La Voce ha più volte descritto l’incredibile metrò story, nata 40 e passa anni fa e senza lo straccio di un progetto. Non sono in pochi a ricordare le prime peripezie romane, quando l’assessore al ramo venne invitato al ministero per illustrare il progetto… che non c’era. E al suo posto portò con sé una tesi di laurea comprata da uno studente di ingegneria sul sottosuolo di Napoli!
Poi le cose, nel corso degli anni, si sono ‘evolute’. Grazie ai compassi messi a disposizione dalla famiglia Lunardi, portabandiera il ministro alle Infrastrutture nel governo Berlusconi, con la sua Rocksoil.
Ma c’è anche chi ricorda che i lavori sono cominciati senza la rituale VIA, la Valutazione di Impatto Ambientale necessaria anche per realizzare una veranda o un box auto. Sparita, la Via, volatilizzata. Ricostruisce un impiegato di palazzo San Giacomo: “non c’era e allora venne simulato un furto, con tanto di denuncia a posteriori. Così la delibera venne fatta ex novo, dopo che i lavori erano già cominciati”.

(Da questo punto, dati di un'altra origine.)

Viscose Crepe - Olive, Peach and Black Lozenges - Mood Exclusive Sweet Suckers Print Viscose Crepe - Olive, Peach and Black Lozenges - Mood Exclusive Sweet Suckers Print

E aggiunge: “ma i problemi tecnici per il metrò piovono di continuo. D’estate si muore di caldo nei convogli, d’inverno di freddo e basta una pioggia per far allagare tutto, con pesantissimi rischi per i passeggeri. Le stazioni poi oggi sono in preda ai vandali, non c’è alcun controllo. I costi a chilometro sono stratosferici e non si fermano, anche per le opere d’arte, si fa per dire, piazzate nelle stazioni. Adesso si inaugura quella nella zona universitaria ad ovest della città, e i costi aumentano di 50 milioni per via della stazione chiamata ‘la vulva’. Siamo alle comiche: ma care e salate”.